## The problem
Once the pictures are set aside, transcribe each line of the listing exactly.

## The data

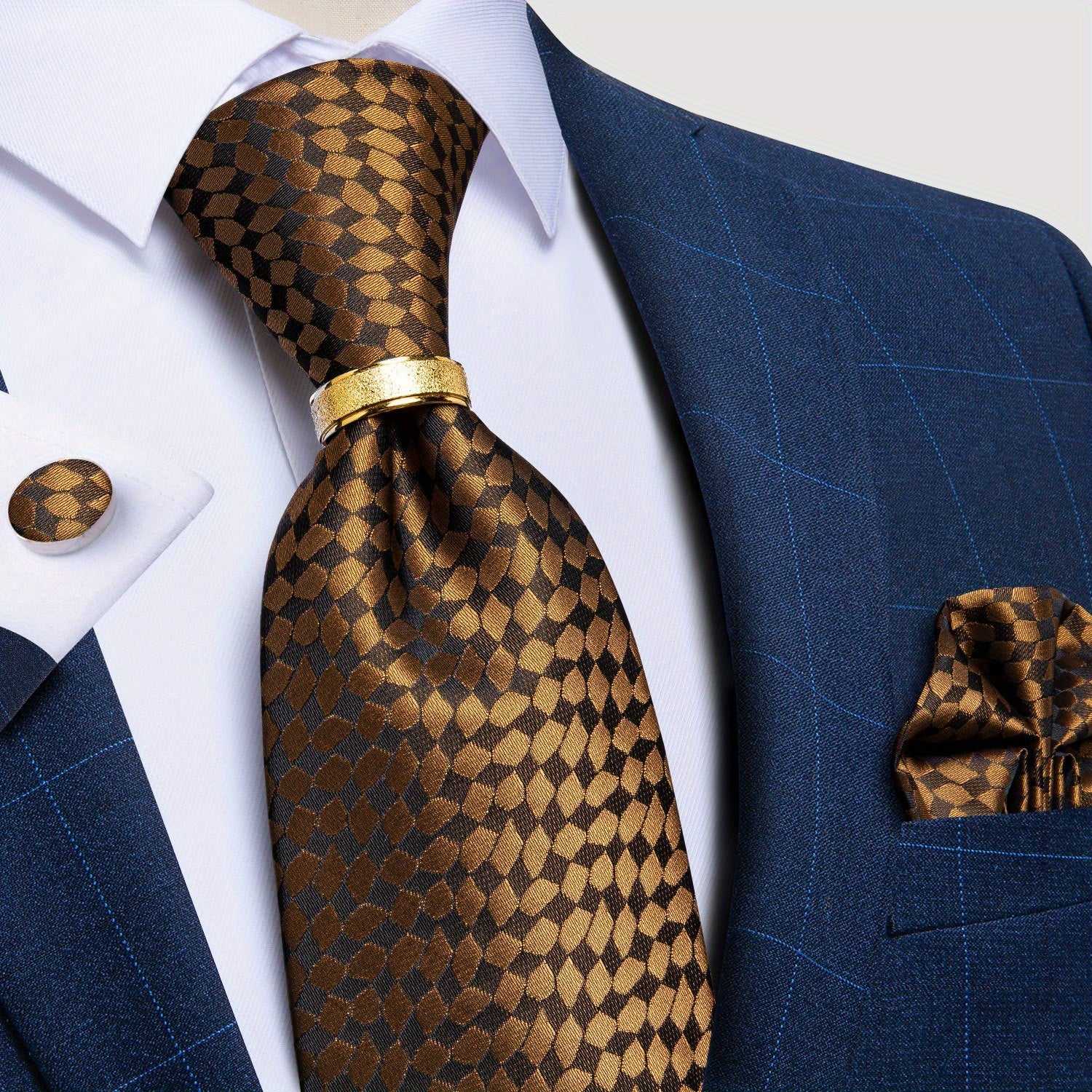 Men's Tie Set with Paisley Plaid and Striped Designs Including Pocket Square Cufflinks Ring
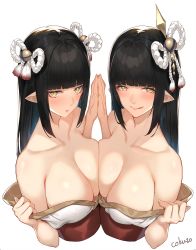 2girls black_hair blunt_bangs breast_press breasts character_request clothes_down cokuto1 collarbone commentary_request copyright_request female_focus hair_ornament highres hinoa large_breasts licking_lips long_hair looking_at_viewer minoto monster_hunter_(series) monster_hunter_rise multiple_girls off_shoulder open_clothes open_mouth pointy_ears shiny_skin siblings sidelocks signature sisters smile symmetrical_docking tongue tongue_out twins upper_body rating:Questionable score:100 user:danbooru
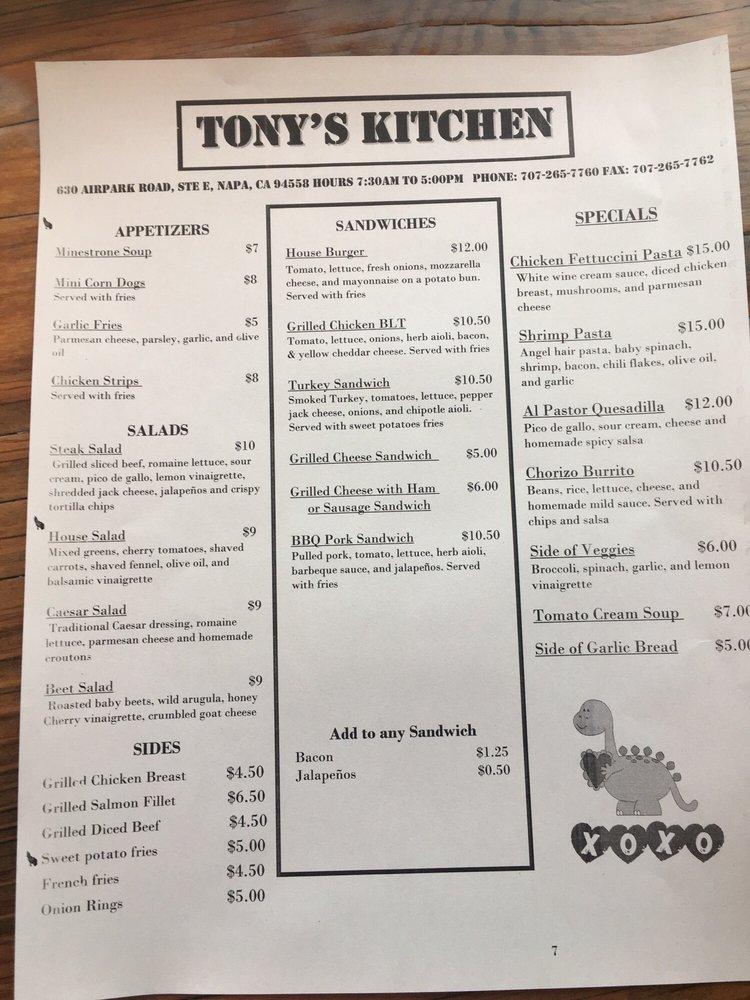 Menu at TONY'S KITCHEN restaurant, Napa, 630 Airpark Rd suite e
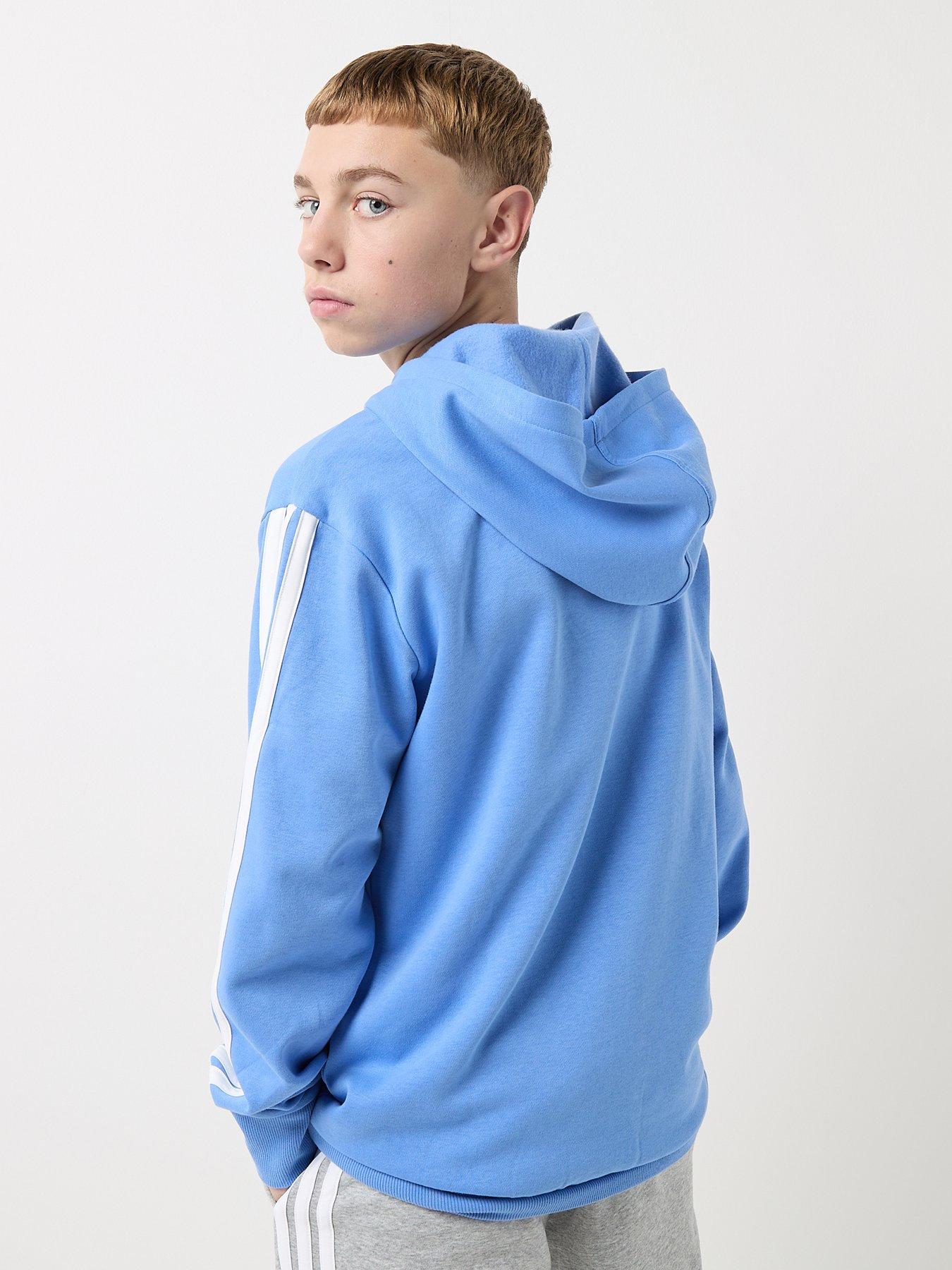 adidas-sportswear-junior-boys-essentials-three-stripe-hoodie--bluestillFront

## Solution to this task
 Men's Tie Set with Paisley Plaid and Striped Designs Including Pocket Square Cufflinks Ring
 2girls black_hair blunt_bangs breast_press breasts character_request clothes_down cokuto1 collarbone commentary_request copyright_request female_focus hair_ornament highres hinoa large_breasts licking_lips long_hair looking_at_viewer minoto monster_hunter_(series) monster_hunter_rise multiple_girls off_shoulder open_clothes open_mouth pointy_ears shiny_skin siblings sidelocks signature sisters smile symmetrical_docking tongue tongue_out twins upper_body rating:Questionable score:100 user:danbooru
 Menu at TONY'S KITCHEN restaurant, Napa, 630 Airpark Rd suite e
 adidas-sportswear-junior-boys-essentials-three-stripe-hoodie--bluestillFront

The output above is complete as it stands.